And yet when the two met for coffee in Pittsburgh, they hit it off.
Bassman, 35, was looking for a new venture within the environmental sector after moving to Pittsburgh and found Alkhalidi while researching cooking oil recycling. A friend suggested Bassman consider tire recycling, and he pitched the idea to Alkhalidi. A week later, Alkhalidi was on board.
Alkhalidi brought scientific expertise, Bassman had business savvy, and together, they founded Smart Tire Recycling in 2014.
At first, they tinkered in Alkhalidi’s garage five to 10 hours a week. “We were kind of walking up walls for about two to three years until we got some serious traction,” said Bassman.
That traction came after moving into a larger garage in 2018, hiring part-time engineers, raising funds through angel investments and filing for a patent.
Smart Tire Recycling has about a dozen competitors in the U.S., Bassman approximates, but he believes his company stands out with its practical and marketable solution.
Here’s the gist: A 20-pound scrapped passenger tire contains about two pounds of steel, one gallon of oil and five pounds of carbon black.

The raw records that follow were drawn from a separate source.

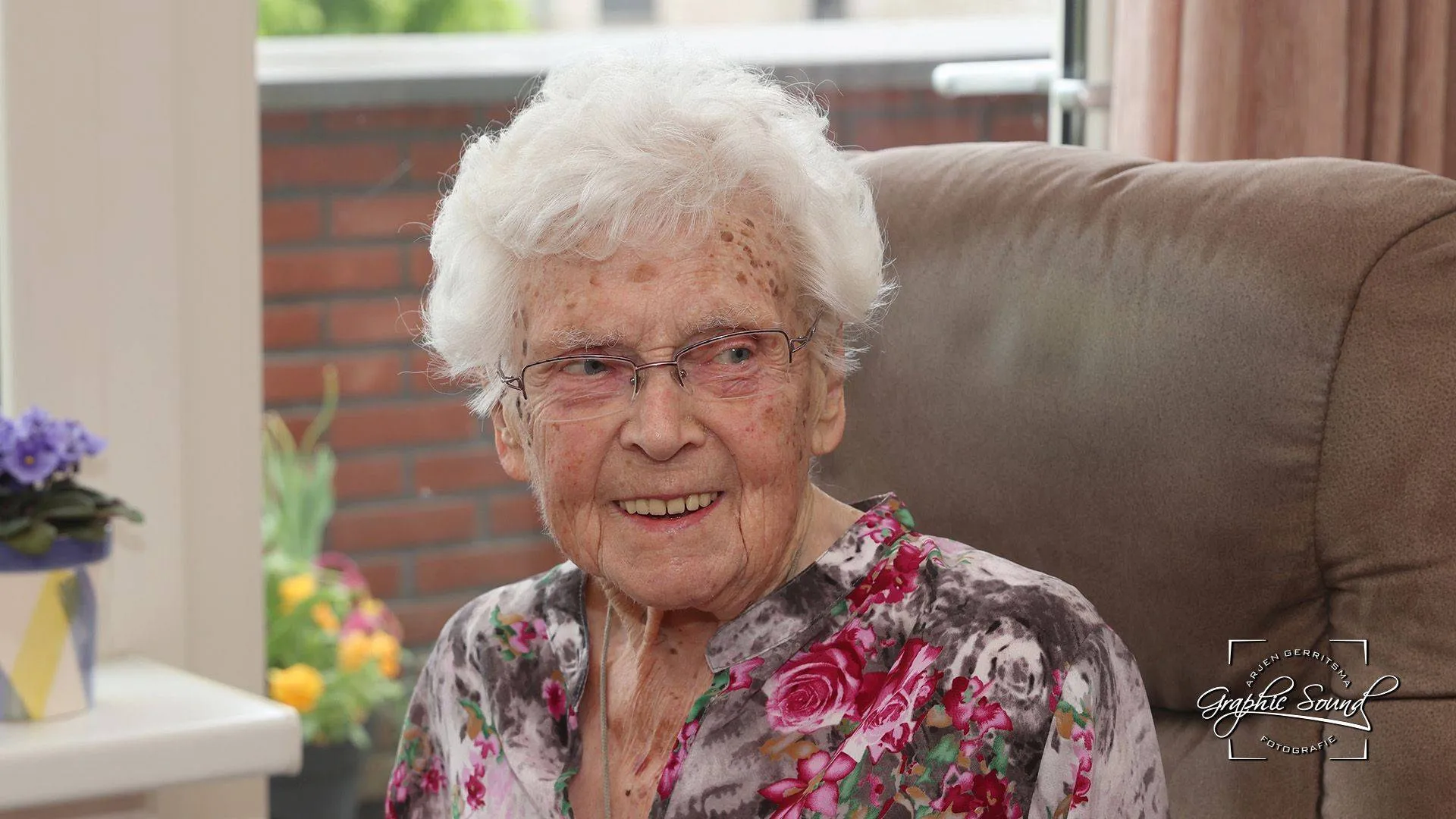 2025 05 06 104 jaar 004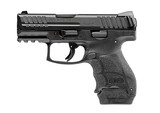 Heckler & Koch VP9 SK-B Striker-Fired Pistol 81000294, 9mm Luger - 1 of 1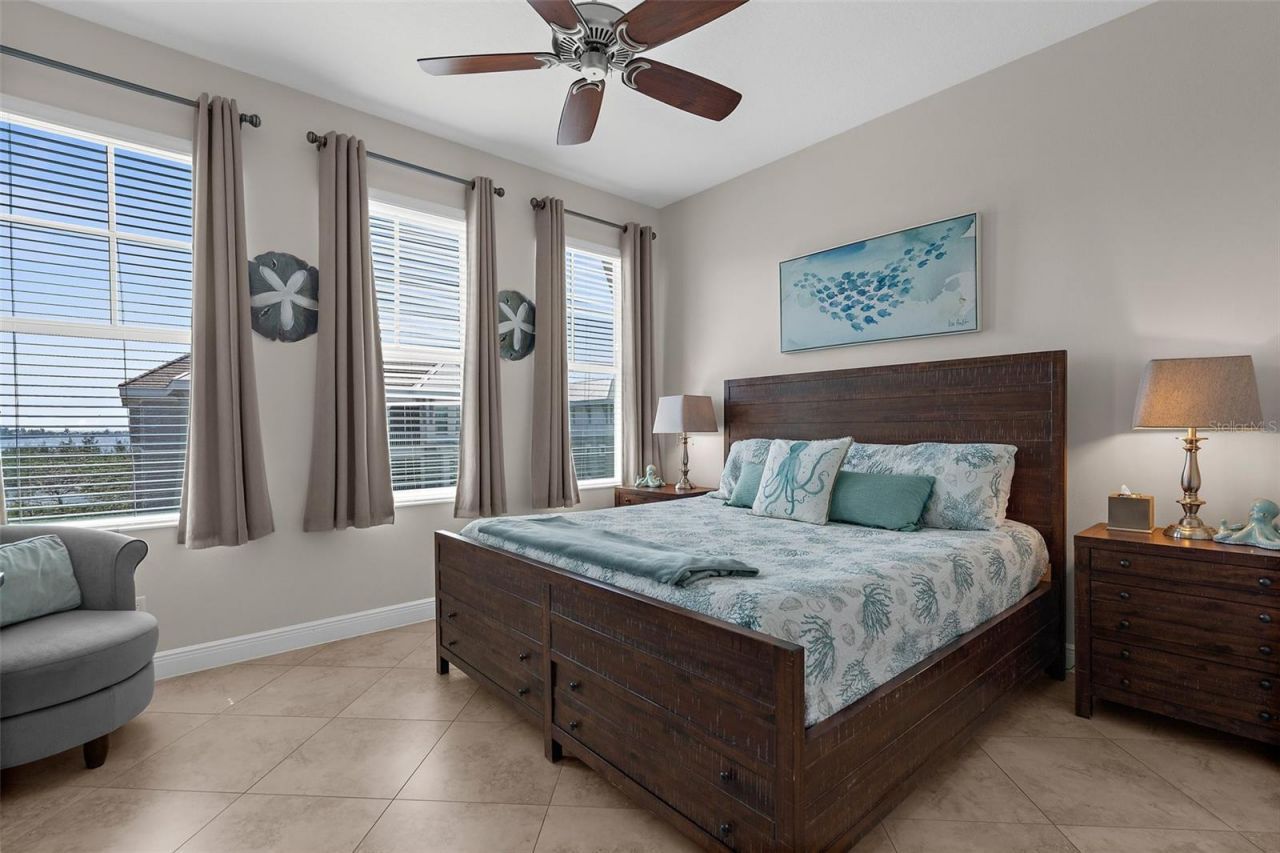 395 Aruba Circle, Unit 401, Bradenton, FL 34209 Photo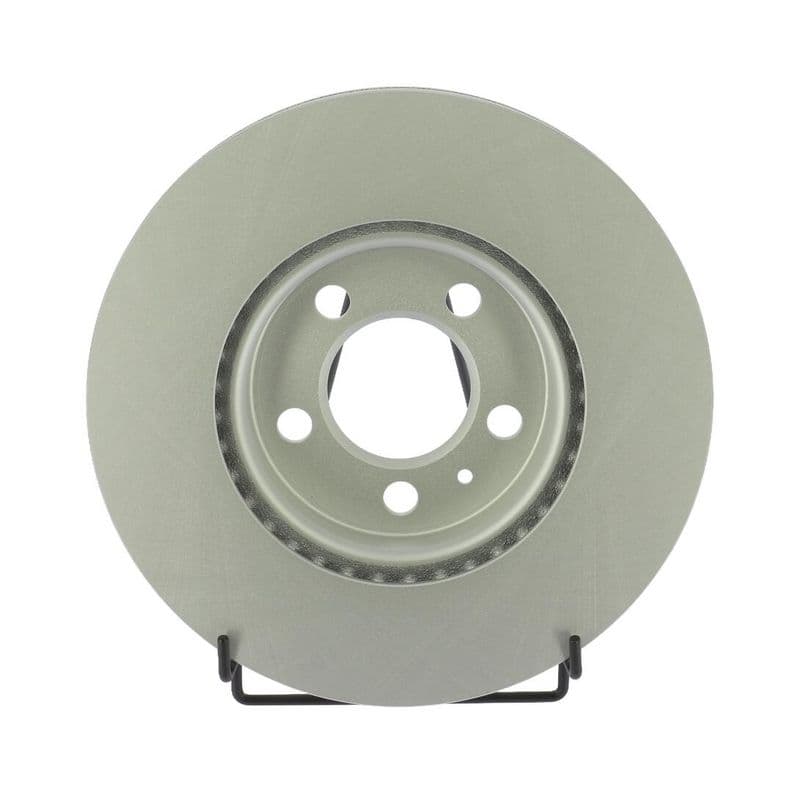 Disc frana FERODO PREMIER DDF2664C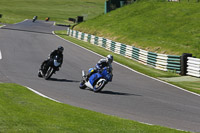 cadwell-no-limits-trackday;cadwell-park;cadwell-park-photographs;cadwell-trackday-photographs;enduro-digital-images;event-digital-images;eventdigitalimages;no-limits-trackdays;peter-wileman-photography;racing-digital-images;trackday-digital-images;trackday-photos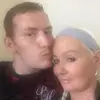 user8672774505564 - @kerryheaton79 - TikTok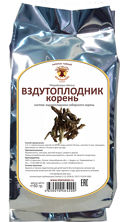 изображение лекарства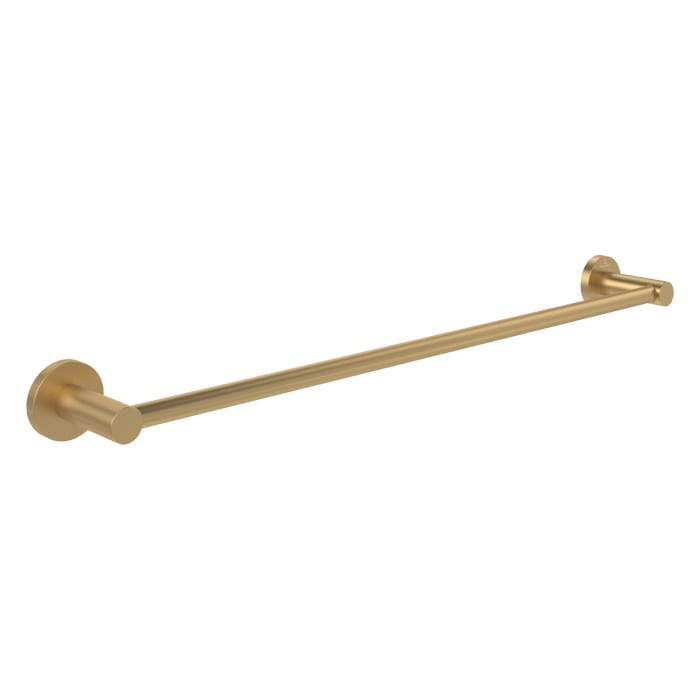 Villeroy & Boch Elements - Tender Handtuchhalter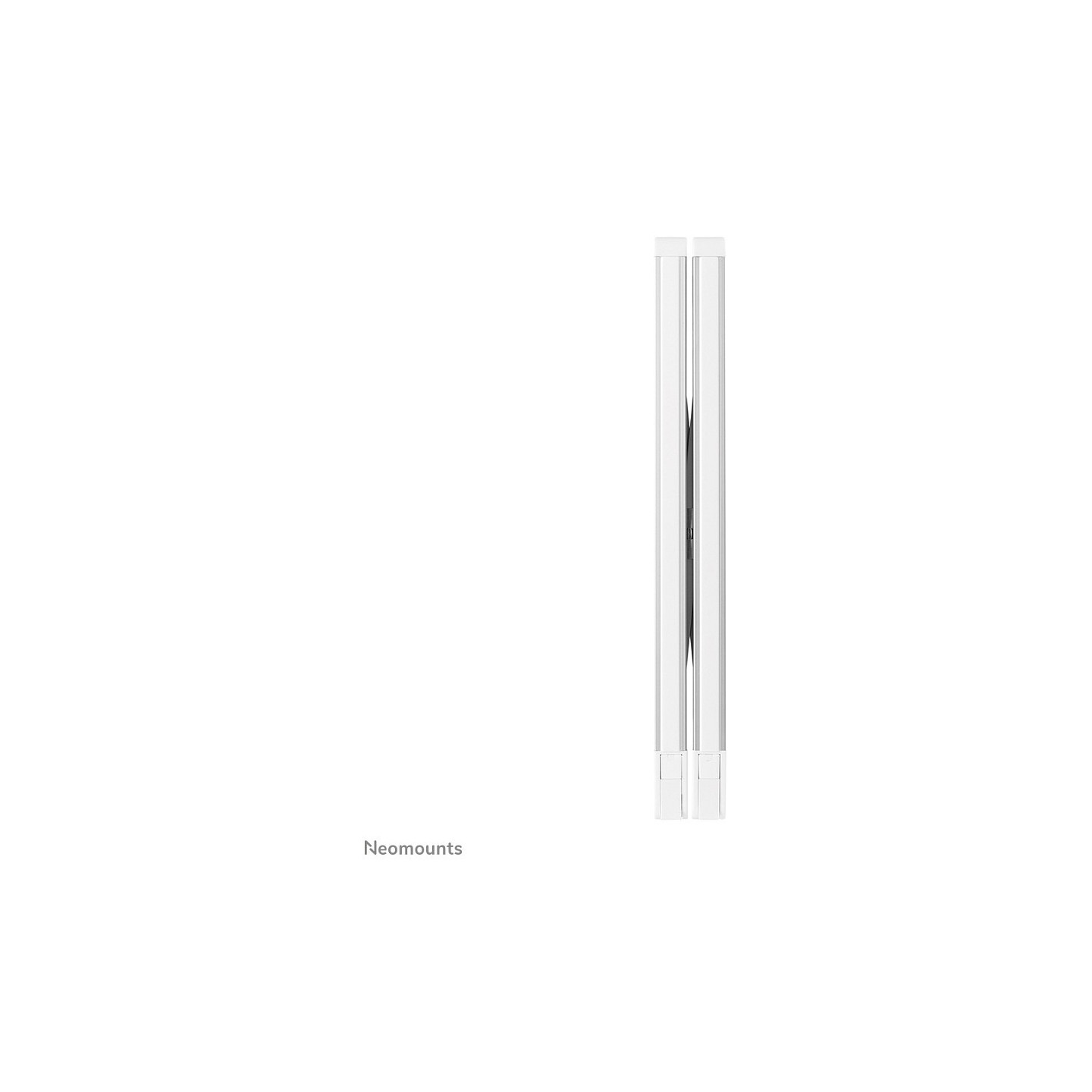 Neomounts NSLS010 Laptop-Ständer. faltbar. 5KG — Buy in Cyprus with Fast Delivery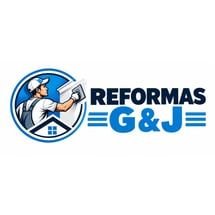 LOGOGJ.jpg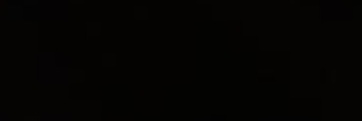 ajbarbera's profile banner image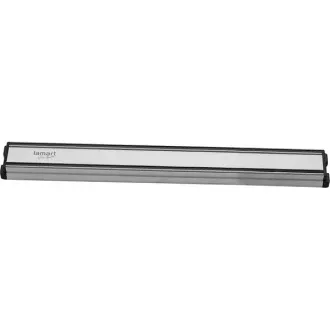 LT2037 MULTURA MAGNETICA 36,5CM LAMART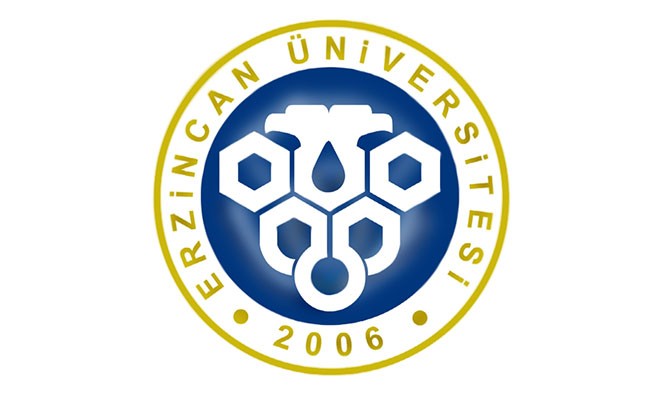 Erzincan University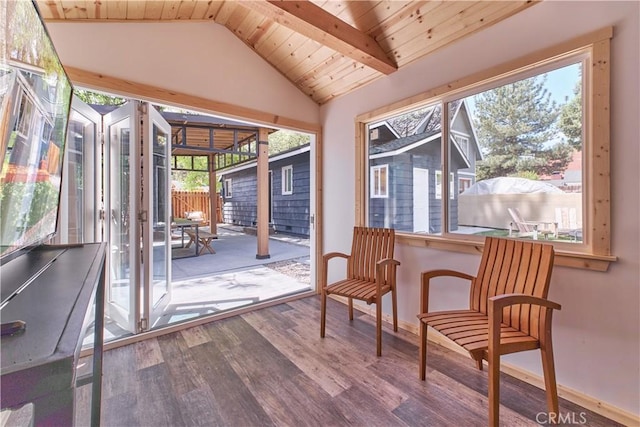 709 W Country Club Blvd, Big Bear City, CA 92314 - photo 25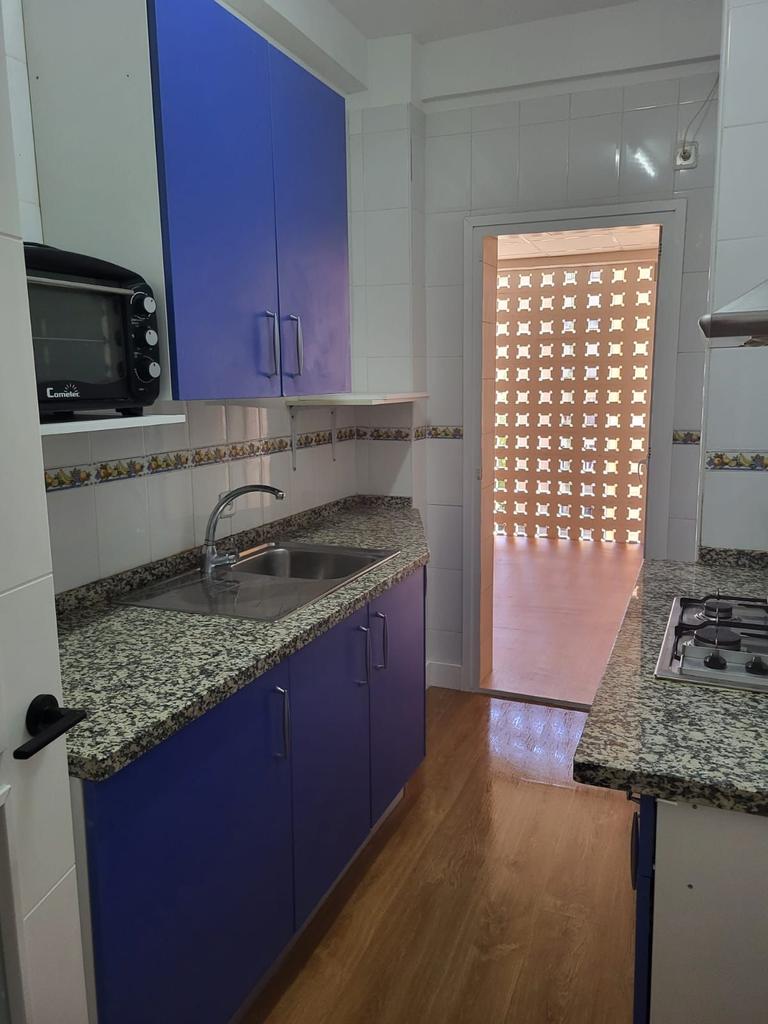 Imagen piso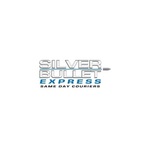 Silver Bullet Express - Milton Keynes, Buckinghamshire, United Kingdom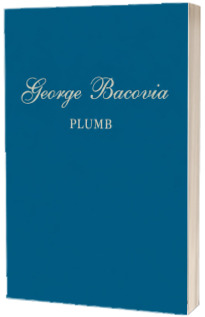 Plumb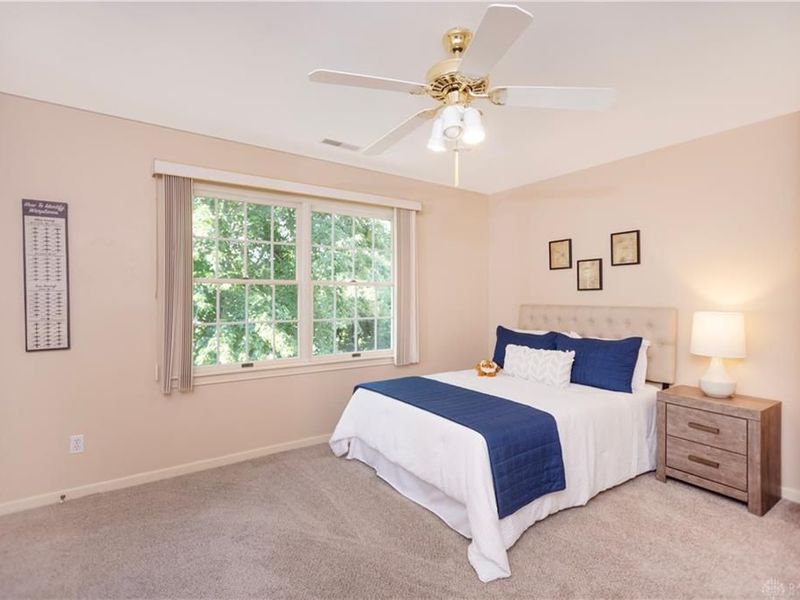 9969 Humphrey Road, Symmes Township, OH 45242 Photo 40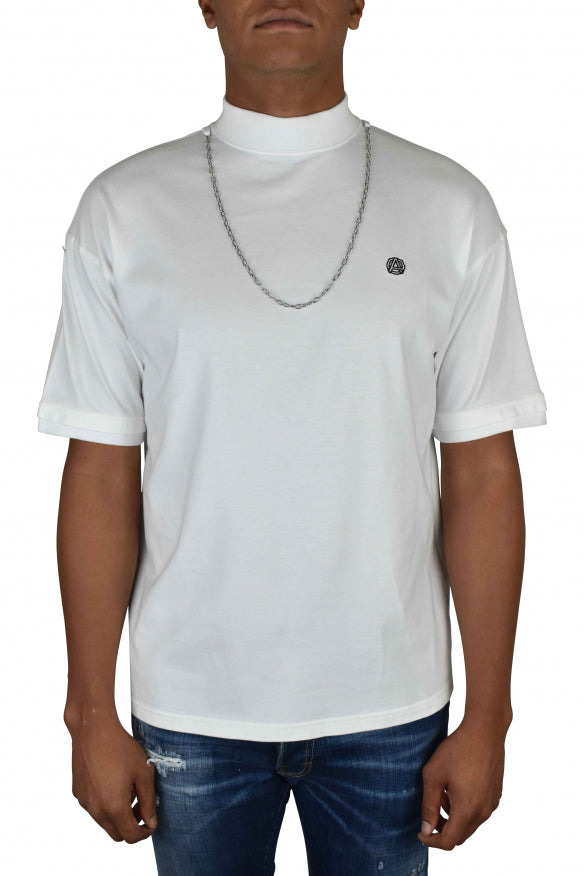 Ambush Men T-Shirt - 2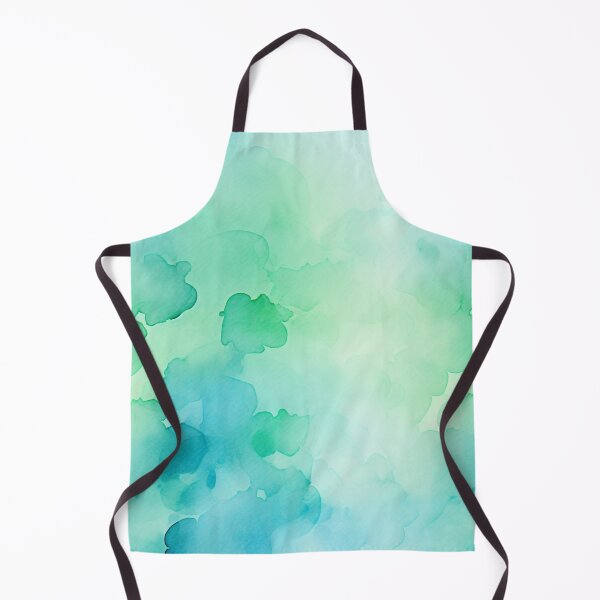 Item preview, Ombria - Beautiful color gradients from ink (36/80) designed and sold by sabantha.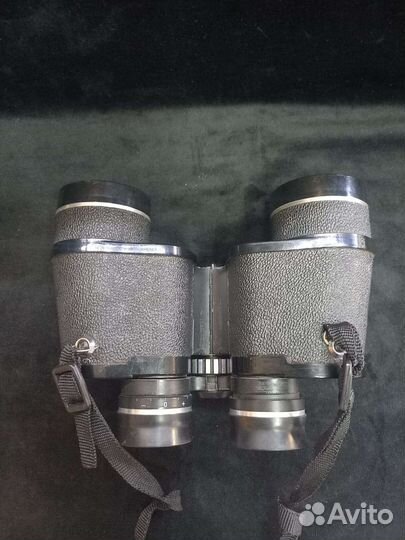 Бинокль бпц 7*35 беркут 7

While today’s tire recycling facilities repurpose some of the materials — like using rubber for playgrounds — they don’t recover the original materials. So fresh carbon black, oil and steel are needed for each new tire.
That’s where Smart Tire Recycling comes in. It works to “unbake” tires into reusable components that could eventually make new tires. It’s like if you went to a bakery, Bassman said, and the baker said he’d turn the ciabatta back into water, oil, yeast and flour, and use them for a new loaf.
If successful, Smart Tire Recycling could offset the global need for carbon black by 40%, Bassman hypothesized, potentially reducing the environmental impact of tire production.
This spring, Bassman and Alkhalidi edged closer to success. Smart Tire Recycling’s machine started functioning consistently, and the company hired its first full-time engineer.
But in early June, Bassman stopped hearing from Alkhalidi.
“He was a little bit of a mad professor, so I was very used to him not answering the phone,” said Bassman. After a few days of silence, Bassman learned that Alkhalidi had died. He was 69.
His vision left an indelible mark on the company, according to Bassman.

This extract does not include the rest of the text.